Clarea. Los objetos comienzan a recortarse con nitidez en este cuarto de goces urgentes y sentimientos imprecisos. Noto su mano deslizándose cautelosa sobre mi vientre velloso y desnudo. No respondo al estímulo. Permanezco impasible a su tentativa y vuelvo a sumergirme en mis cavilaciones. Ella retira su mano.

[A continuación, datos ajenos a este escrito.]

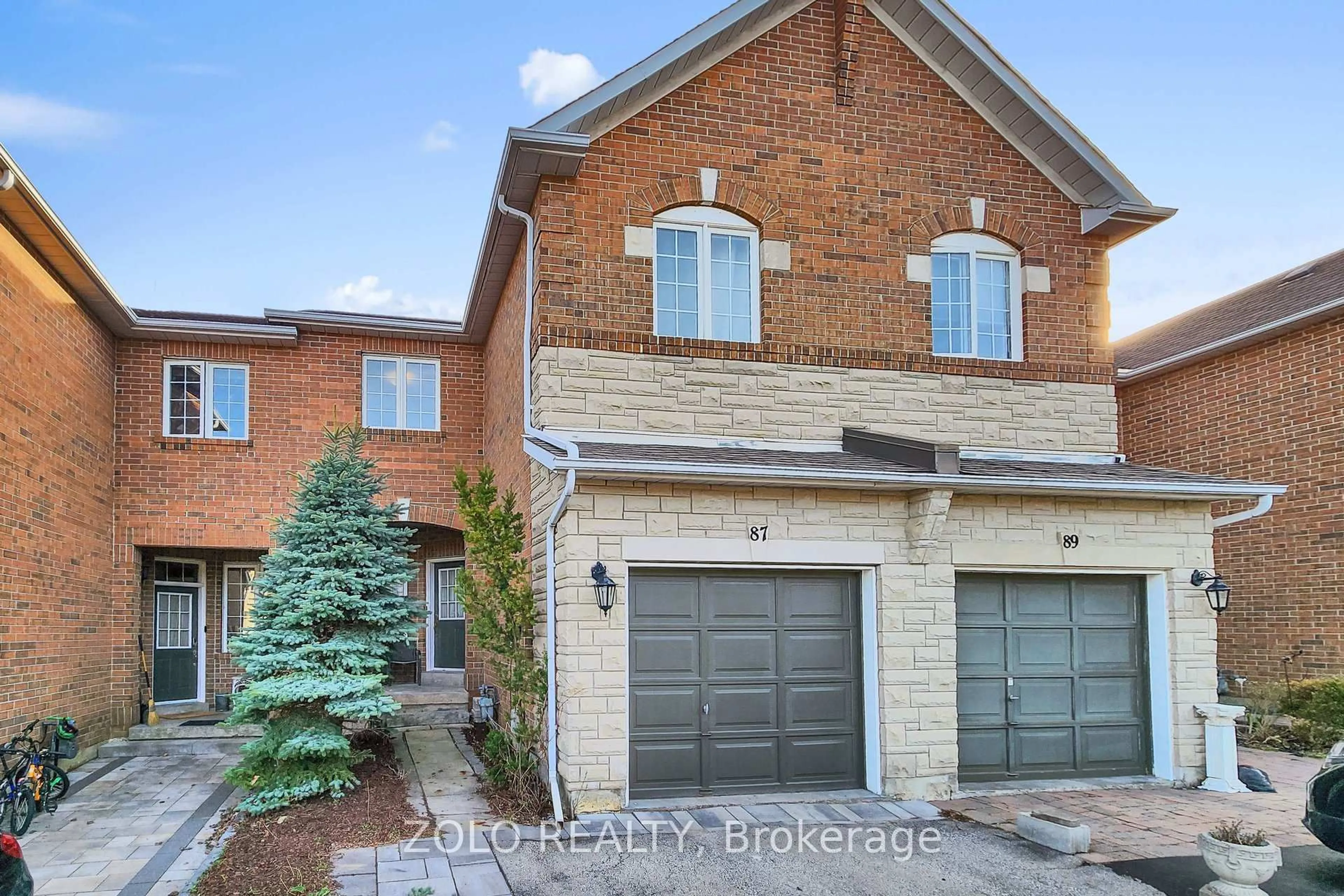 Home with brick exterior material, street for 87 Nottingham Dr, Richmond Hill Ontario L4S 2A1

Sonrío transportado al recuerdo de una de las habituales incursiones nocturnas. El objetivo, sorprender y capturar o abatir a los señalados como enemigos.
Un paisano se quejó al alférez acusando a la soldadesca del robo de una gallina. El oficial prometió consejo de guerra para el infractor. Una pena quizá excesiva, pero cumplía el objetivo de satisfacer verbalmente a aquel pobre diablo. Nos hizo formar y vaciar los macutos. La pita no apareció y el hombre se alejó refunfuñando, manteniendo la acusación y prometiendo venganza. Sin pronunciar palabra continuamos la marcha hasta el campamento. Fue entonces cuando nos mandó sentar en corro, y soltó: “¿Dónde coño escondisteis la gallina?” El más audaz, el cazador furtivo, se levantó, adoptó la posición de firmes y en tono solemne, dijo: “En el tambor, mi alférez.” La hilaridad hizo presa en él. Cuando tomó resuello, dijo: “¡Estos son mis soldados! Sabía que no aparecería. Vamos muchachos, preparad fuego que esta noche hay asado”.